Video released Wednesday shows the mid-air collision between a ground-based interceptor launched from Southern California and a simulated warhead fired from the Pacific Ocean.
The test, the first of its kind in nearly three years, was designed to prepare for any North Korean intercontinental ballistic missile strike and marked a key milestone in the U.S. missile defense system's development. The interceptor was launched from Vandenberg AFB at midday and targeted a simulated incoming warhead launched from the central Pacific Ocean.
The interceptor struck the simulated ICBM, launched from a test range on Kwajalein Atoll in the Pacific, as it traveled outside the Earth's atmosphere. Video released Wednesday by the U.S. Missile Defense Agency shows both launches and the impact.
The test was planned amid what are regarded as provocations by North Korea, which, as of last week, has carried out three missile tests in three weeks. The most recent North Korean test involved a short-range ballistic missile that traveled about 250 miles before splashing down in Japan's "exclusive economic zone" near the coast.
North Korean leader Kim Jong Un has vowed to deploy a nuclear-armed missile capable of reaching American territory. The North Koreans have not yet tested an intercontinental ballistic missile.
The American interceptor has an uneven track record, having succeeded nine times out of 17 attempts against missiles in test since 1999, although the most recent test — in June 2014 — was a success. A test failure would have raised new questions about the defensive system, but wasn't likely to compel the Pentagon to abandon expansion plans.

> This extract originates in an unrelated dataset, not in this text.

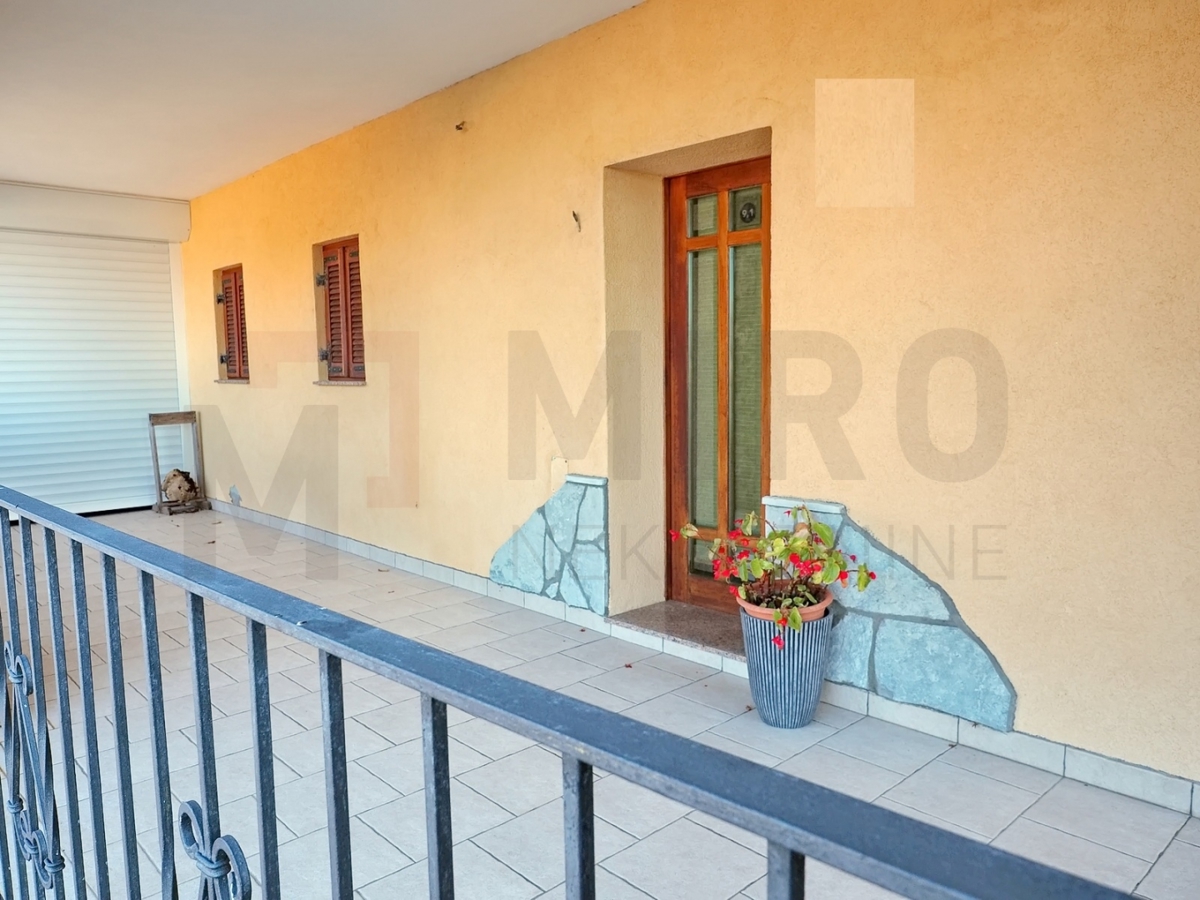 Malinska, hiša z 2 apartmajema, prva vrsta do morja, PRODAJA!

The Pentagon is still incorporating engineering upgrades to a missile interceptor that has yet to be fully tested in realistic conditions.
The U.S. defense system has roots in President Ronald Reagan's efforts to develop a response to ballistic missile threats during the Cold War, when tensions were high between the U.S. and Soviet Union. It has been in place since 2004 and never used in combat or fully tested.
The U.S. has interceptors based at Fort Greely in Alaska and four at Vandenberg AFB, about 170 miles northwest of Los Angeles.